En 1832, quatre ingénieurs publient un livre intitulé Vues politiques et pratiques sur les travaux publics de France. Ses auteurs, Gabriel Lamé (1795-1970), Émile Clapeyron (1799-1864), Stéphane Flachat (1800-1884) et Eugène Flachat (1802-1873), vont marquer l’histoire des sciences et des techniques et connaître la célébrité. Tandis que Lamé et Clapeyron contribueront à la mécanique et à la thermodynamique, Stéphane et Eugène Flachat participeront à la révolution ferroviaire. L’ouvrage qu’ils cosignent propose un regard d’ensemble sur les infrastructures de transport françaises. A la fois bilan et programme, il passe en revue les liaisons existantes et propose un plan d’ensemble des canaux et des chemins de fer à réaliser dans une perspective qui cherche à rapporter systématiquement l’excellence technique et la rentabilité économique à un progrès global de la société et de ses institutions, d’où l’accolement des qualificatifs de « politique » et « pratique » dans le titre du livre.

Souvent citées par les historiens et les géographes, les Vues de nos quatre ingénieurs se révèlent représentatives d’un moment clef du développement des infrastructures de transport en France, au moment où achève de se structurer une approche de celles-ci en termes de réseau et que les chemins de fer incarnent les promesses d’un avenir fait de mobilité généralisée. Simultanément, on est tenté d’y voir l’expression de tendances de fond de l'”aménagement à la française”, comme le goût des plans ambitieux parrainés par l’État ou encore la recherche d’un équilibre entre intervention publique et initiative privée qui donnera naissance à ce qu’il est convenu d’appeler l'”économie mixte”. Écrit par des auteurs en contact avec le saint-simonisme et pour l’un d’entre eux au moins, Stéphane Flachat, engagé fortement au sein de ce mouvement où s’entremêlent idéaux fortement teintés d’utopie et considérations pratiques sur des sujets qui vont des travaux publics au crédit bancaire, on peut enfin s’interroger sur ce que l’ouvrage doit à la doctrine et aux expériences saint-simoniennes. En se proposant d’être à la fois “politique” et “pratique”, visionnaire et concret, le livre semble fidèle à l’une des ambitions les plus constamment réaffirmées du saint-simonisme. Il contribue à poser du même coup avec une acuité particulière la question des relations entre utopie et réalisations technico-économiques.

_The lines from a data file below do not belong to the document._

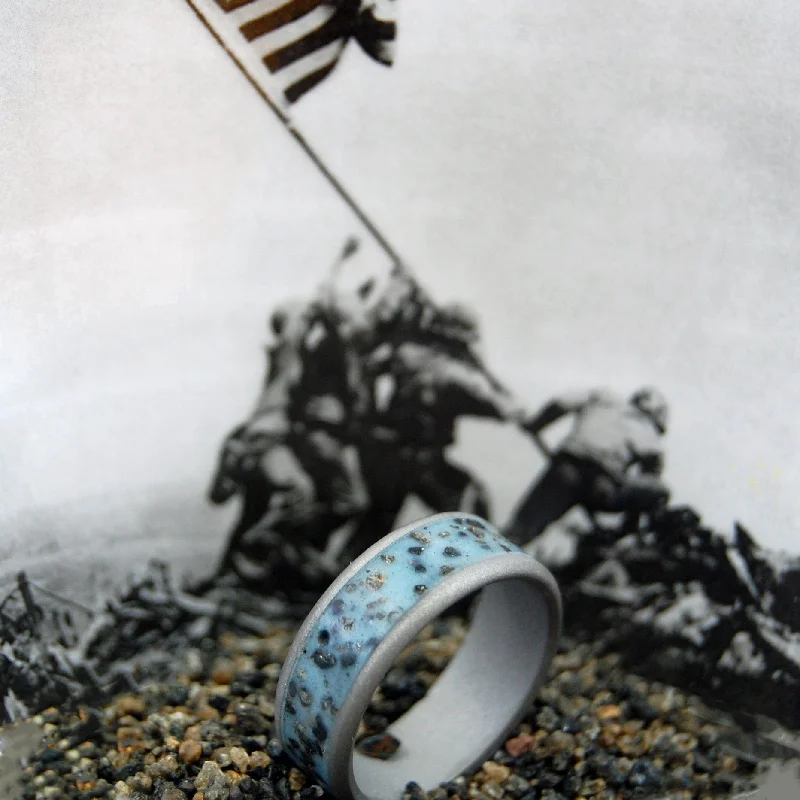 Sandblasted Gray Dawn At Iwo Jima | Men's Iwo Jima Beach Sand & Titanium Wedding Ring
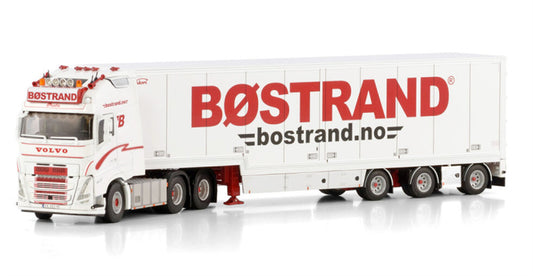 WSI VOLVO FH5 GLOBETROTTER XL 6X2 TAG AXLE BOX TRAILER - 3 AXLE BOSTRAND 1:50 Model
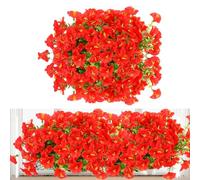 msymsyu 7 Ramos Flores Artificiales Exterior, 37cm Flores Artificiales Decoracion Exterior, Resistentes a los Rayos UV, Ideales para la Decoración de Interiores, Balcones y Jardines (Rojas)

Jamais réédité, ce livre clef n’avait pas non plus l’objet d’une étude approfondie. Les circonstances qui conduisent ses auteurs à se lancer dans cette entreprise se révèlent pourtant tout aussi révélatrices que les arguments qu’ils avancent et les projets qu’ils défendent. Le contexte dans lequel ils s’inscrivent, les infrastructures existantes auxquelles ils se réfèrent, les exemples étrangers qu’ils mobilisent afin d’appuyer leurs propositions permettent de mieux appréhender la genèse d’un certain nombre de projets clefs de l’aménagement à la française.

C’est cette lacune qu’entend combler cette édition critique. Une importante introduction propose tout d’abord un éclairage sur les personnalités et les trajectoires contrastées des quatre auteurs des Vues politiques et pratiques, ainsi que sur leurs contributions respectives à l’ouvrage. Replaçant ce dernier dans le cadre des débats techniques, économiques et politiques des premières années de la monarchie de Juillet, marquées par la tension récurrente entre libéralisme et autoritarisme, il révèle la position tout à fait particulière qu’occupe un livre qui cherche à concilier initiative privée et rôle coordinateur de l’administration des travaux publics.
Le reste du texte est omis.